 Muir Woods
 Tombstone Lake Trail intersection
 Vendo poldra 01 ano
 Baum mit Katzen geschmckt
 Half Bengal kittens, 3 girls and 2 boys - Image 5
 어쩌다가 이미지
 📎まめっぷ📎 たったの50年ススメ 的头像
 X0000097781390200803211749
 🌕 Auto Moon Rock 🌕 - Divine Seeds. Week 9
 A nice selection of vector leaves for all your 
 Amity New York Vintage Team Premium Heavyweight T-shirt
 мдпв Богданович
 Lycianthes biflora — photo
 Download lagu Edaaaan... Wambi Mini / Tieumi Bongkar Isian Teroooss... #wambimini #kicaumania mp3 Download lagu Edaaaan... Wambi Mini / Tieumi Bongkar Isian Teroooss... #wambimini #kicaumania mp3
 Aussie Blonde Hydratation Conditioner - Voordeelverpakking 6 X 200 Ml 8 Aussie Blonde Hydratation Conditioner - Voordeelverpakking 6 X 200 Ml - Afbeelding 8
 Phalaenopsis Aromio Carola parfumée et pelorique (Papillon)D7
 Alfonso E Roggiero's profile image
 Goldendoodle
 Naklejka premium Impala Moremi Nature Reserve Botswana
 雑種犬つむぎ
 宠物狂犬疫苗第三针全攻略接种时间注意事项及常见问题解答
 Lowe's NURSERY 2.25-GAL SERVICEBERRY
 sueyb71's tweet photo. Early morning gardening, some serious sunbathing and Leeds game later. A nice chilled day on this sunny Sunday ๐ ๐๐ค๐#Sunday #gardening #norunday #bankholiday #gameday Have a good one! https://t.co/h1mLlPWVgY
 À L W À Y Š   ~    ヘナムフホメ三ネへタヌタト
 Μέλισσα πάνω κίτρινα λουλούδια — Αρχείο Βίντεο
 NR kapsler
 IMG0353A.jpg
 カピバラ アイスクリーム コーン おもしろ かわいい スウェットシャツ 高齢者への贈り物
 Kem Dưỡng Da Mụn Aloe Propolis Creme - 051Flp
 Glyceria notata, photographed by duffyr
- - - - - - -
REQUIRED ACTION
Copy the records above. Leave out nothing.

EXERCISE OUTPUT
 Muir Woods
 Tombstone Lake Trail intersection
 Vendo poldra 01 ano
 Baum mit Katzen geschmckt
 Half Bengal kittens, 3 girls and 2 boys - Image 5
 어쩌다가 이미지
 📎まめっぷ📎 たったの50年ススメ 的头像
 X0000097781390200803211749
 🌕 Auto Moon Rock 🌕 - Divine Seeds. Week 9
 A nice selection of vector leaves for all your 
 Amity New York Vintage Team Premium Heavyweight T-shirt
 мдпв Богданович
 Lycianthes biflora — photo
 Download lagu Edaaaan... Wambi Mini / Tieumi Bongkar Isian Teroooss... #wambimini #kicaumania mp3 Download lagu Edaaaan... Wambi Mini / Tieumi Bongkar Isian Teroooss... #wambimini #kicaumania mp3
 Aussie Blonde Hydratation Conditioner - Voordeelverpakking 6 X 200 Ml 8 Aussie Blonde Hydratation Conditioner - Voordeelverpakking 6 X 200 Ml - Afbeelding 8
 Phalaenopsis Aromio Carola parfumée et pelorique (Papillon)D7
 Alfonso E Roggiero's profile image
 Goldendoodle
 Naklejka premium Impala Moremi Nature Reserve Botswana
 雑種犬つむぎ
 宠物狂犬疫苗第三针全攻略接种时间注意事项及常见问题解答
 Lowe's NURSERY 2.25-GAL SERVICEBERRY
 sueyb71's tweet photo. Early morning gardening, some serious sunbathing and Leeds game later. A nice chilled day on this sunny Sunday ๐ ๐๐ค๐#Sunday #gardening #norunday #bankholiday #gameday Have a good one! https://t.co/h1mLlPWVgY
 À L W À Y Š   ~    ヘナムフホメ三ネへタヌタト
 Μέλισσα πάνω κίτρινα λουλούδια — Αρχείο Βίντεο
 NR kapsler
 IMG0353A.jpg
 カピバラ アイスクリーム コーン おもしろ かわいい スウェットシャツ 高齢者への贈り物
 Kem Dưỡng Da Mụn Aloe Propolis Creme - 051Flp
 Glyceria notata, photographed by duffyr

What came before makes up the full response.